“Nobody says, ‘Let me tell you a requirement.’”

That’s how I put it in a team session recently. We were going through end-to-end testing concepts, and the conversation landed on something I care a lot about: why the word story in “user story” isn’t arbitrary.

People tell stories. When you discover an app that saves you an hour every day, you don’t explain it by listing requirements. You say, “So I was trying to do this, and it kept being a problem, and then I found this thing.” That’s a story. That’s how humans share value.

Requirements are something else entirely.

When Teams Ask for More Detail

I’ve seen this pattern many times: a team complains that the stories they’re receiving aren’t detailed enough. They want more specifics before they feel ready to code.

What they’re actually asking for is requirements. And that request reveals something: they’re waiting to be told what to do.

That’s a different posture than developing software. A contractor executes a spec. A developer develops solutions. Those aren’t the same role, and the distinction matters more than most teams realize.

The reason we call them stories is that a story gives you a person, a context, and a goal. It invites you into a conversation. A requirement skips that conversation and hands you instructions. If you’re asking for requirements, you’re opting out of the most valuable part of the process.

The Story Is the Invitation

Here’s what a story actually is, in practice: it’s an entry point.

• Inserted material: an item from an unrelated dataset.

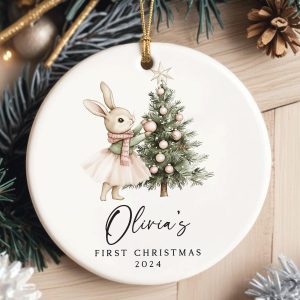 Baby Girl First Christmas Ornament, Baby Christmas Ornament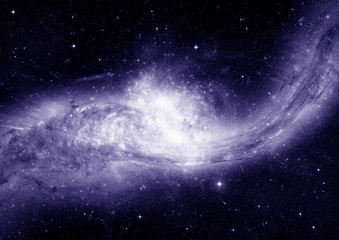 Stars, dust and gas nebula in a far galaxy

Take this excerpt of a story: “In order to maintain an accurate inventory count, as a warehouse manager, I want to adjust inventory for a single lot number.” Treat it as an invitation to understand rather than instructions to execute.

When you sit with that story as a team, you start picturing the person. You picture the warehouse. You start asking: what kinds of adjustments are there? What happens when the numbers don’t add up? When someone’s trying to reduce inventory beyond what’s on hand, what does the business do?

The Edge Cases That Surface in Conversation

When we walked through the lot adjustment story together, one of the team’s developers asked about the “decrease by more than you have” scenario. That question didn’t come from reading a requirement. It came from thinking about the story, walking through it as a human doing a job.

And when you bring that kind of question to the stakeholder, you often hear something like: “Oh, that happens all the time. And right now it’s a nightmare to deal with.” That’s when the real conversation begins.

Who gets affected when it happens? Does it block revenue or cause losses? Is it a daily occurrence or something rare? Does the accountant need to know immediately, or just before closing the books?

Those questions shape the feature’s design. They shape the priorities. They sometimes surface entirely different solutions than the ones initially imagined. You can’t get there from a requirements document. You get there from a story and a conversation.

Developers Develop Solutions

Part of what I keep reinforcing with my teams is this: we are not here to receive instructions and produce code. We are here to understand real problems and develop solutions for the people who have them.

The story format supports that posture. It says: here’s a person, here’s what they’re trying to do, let’s think together about what would actually help them. That conversation is where the design happens, before a single line of code is written.

When the conversation is skipped, something is lost. The team ends up building what was written down rather than what was actually needed. They fix edge cases after the fact rather than surfacing them up front. And they miss the chance to ask the question that might save weeks of work: “What would a two-week version of that look like?”

The Language That Carries Everything

One thing I’ve come to appreciate about well-understood stories is that they become the shared language of the whole team.

When everyone has sat with the story, had the conversation, and agreed on what the warehouse manager is actually doing, that understanding flows into everything downstream. The tests read like the story. The endpoints reflect the business intent. The acceptance criteria align with what the stakeholders described.

And now, with AI tools in the loop, a well-crafted story with shared understanding does even more. When you hand a story to a model trained on how your team works, it can help design endpoints, scaffold tests, and propose implementation options that align with the business context. That only works when the story has been understood, not just copied from a backlog.

A Question Worth Sitting With

The next time there’s pushback that stories aren’t detailed enough, it might be worth pausing on what’s really being asked.

Are we trying to understand a problem together, or are we trying to be handed instructions?

The answer to that question says a lot about what kind of team we’re trying to be.